Wednesday, January 2, 2013

New Year, New Adventures in Cooking

I know I started this whole blog thing a year ago, did a few posts, and then stopped ...

I think I need to be inspired when writing on this blog, so I guess I wasn't inspired much after that. But, it's now 2013, a new year, and with some additional cooking tools and a little inspiration, I'm going to begin new adventures in cooking and will hopefully blog about it as I go. No guarantees, it is me we're talking about here.

I got a couple new weapons for my cooking arsenal this year. My sister got me a Lodge 12" Seasoned Iron Skillet.  I had been reluctant to try using a cast iron skillet for many years. They're heavy, can be a pain to clean, etc.  But I know that all the best cooks use them, so I decided to put it on my Amazon Wish List and if it was meant to be, someone would get it for me for Christmas.  Alas, the stars aligned and I am now the proud owner of a cast iron skillet. I've made a couple of dishes with it already, and will blog those separately, along with the recipes and my notations (I can't ever leave a recipe totally alone).

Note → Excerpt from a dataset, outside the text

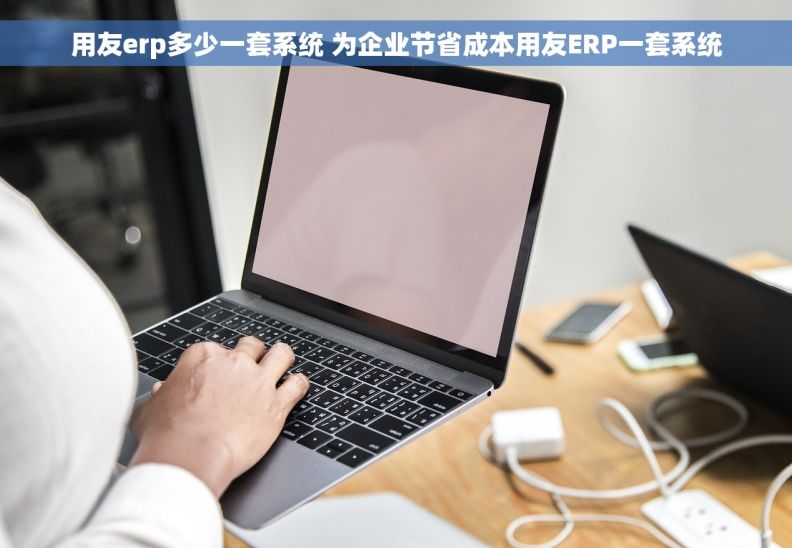 用友erp多少一套系统 为企业节省成本用友ERP一套系统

The other item on my wish list that I got for Christmas is another pasta maker attachment for my Kitchen Aid Mixer. Last year I got the regular pasta roller attachments that make the flat pastas like fettuccine,  linguine, etc. After experimenting with that, and LOVING the pasta that it makes, I added the pasta extruder attachment to my wish list. The stars aligned again, and my wonderful husband got me that attachment as well. Now, I'll be able to make macaroni, rigatoni, spaghetti, etc.  I did buy myself a ravioli mold last year but have never gotten around to trying out ravioli yet. I've been kicking around a recipe idea in my head that is a different take on eggs benedict that involves a ravioli with an egg inside. I'll post that too if I ever try it.

Wish me luck on my new cooking adventures and that I'll actually get some of them posted this time.